If that sounds like a long time, consider that after those two weeks a complete engine block is ready: this can then go into heat treatment along with the other processes before it’s finalised, and then it’s ready to be tested. If there are problems, adjustments can be made to the 3D model before trying again. The costs are low and the process quick compared to the old ways: for example, convincing a boss to greenlight a concept and then having to find the funding from somewhere. This new method is about as agile as manufacturing design gets.

In aviation, one of the core challenges to efficiencies is in cutting down the weight of an aircraft. And according to Sander, the structures to take cues from are found in nature. Thanks to industrial 3D printing, experimenting with unorthodox structures is a plausible design experiment that doesn’t cost the earth.


A spoiler that takes inspiration from the water lily

Some clear practicalities that can be measured: 3D printing considerably cuts down on waste (traditional milling is at 95 percent waste; 3D printing with titanium powder is drastically less) and, following that, CO2 emissions. But there are also intriguing applications in experimenting with design.
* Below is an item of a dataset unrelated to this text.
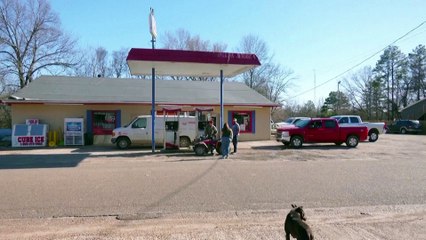 Six dead after shooting in Mississippi town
Airbus created a 3D scan of a water lily, and now the company is copying the unique natural structure for spoilers, essentially brakes for the air that no longer have to conform to the mass-production methods that rely on the stringers and hinges you’d usually expect to see in planes, ships and trains.

No one thought it but this is more or less a copy of the design principle which is used in nature,” Sander explains. “Nature is only surviving with the minimum material to build, and the minimum of energy to live. That’s what nature does.
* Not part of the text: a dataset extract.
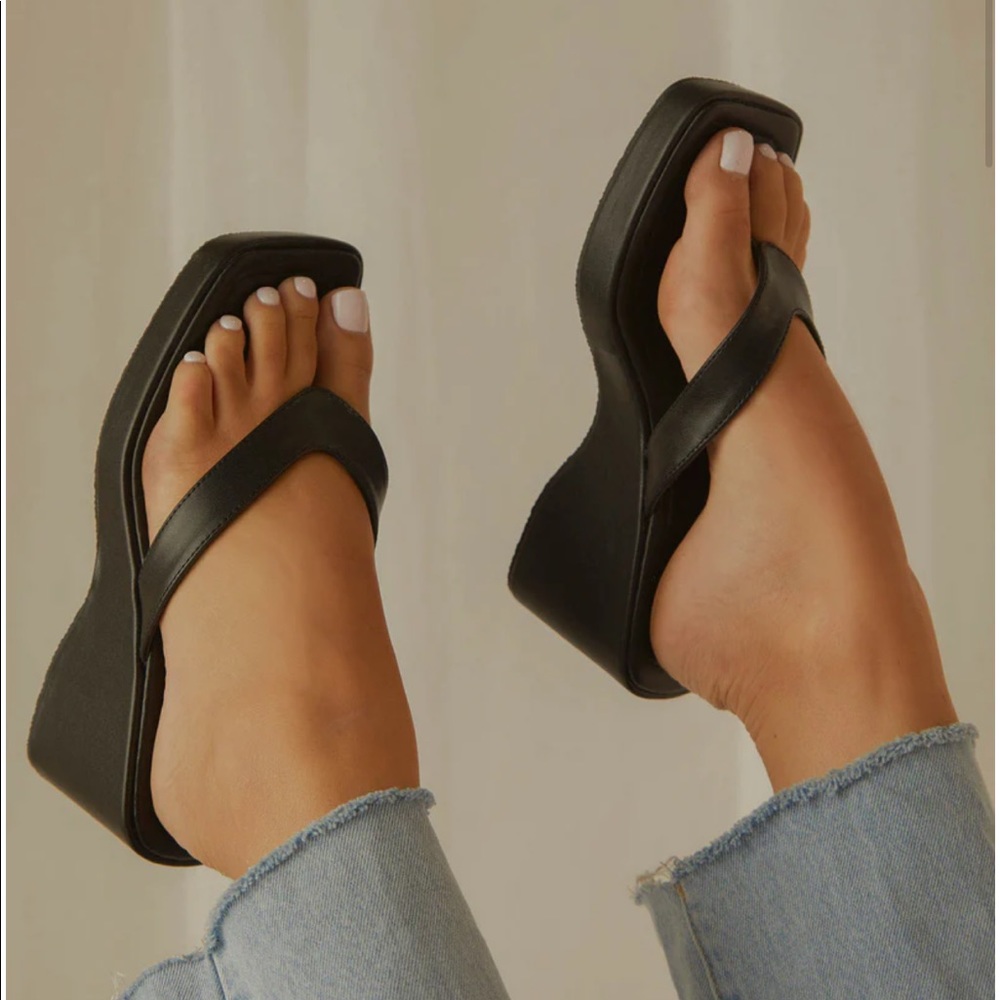 Black platform sandals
We try to understand nature – the original word is biomimicry. The first professorship is in Brehmen – Antonia Kesel – she explained to me we have around 20 million species of insects, animals, and so on. The world has looked at around 10,000, and they are using just 100 design principles, like the shark fin, and flying, of course.

So there is a potential pool of ideas from 20 million.”

We are investigating every part of an aircraft to see if it makes sense to use topology-optimised bionic design solutions,” Sander says, holding a tiny 3D-printed aluminium model of a plane’s chassis [pictured], of the same sort that might, engineering allowing, soar through the air in the not too distant future.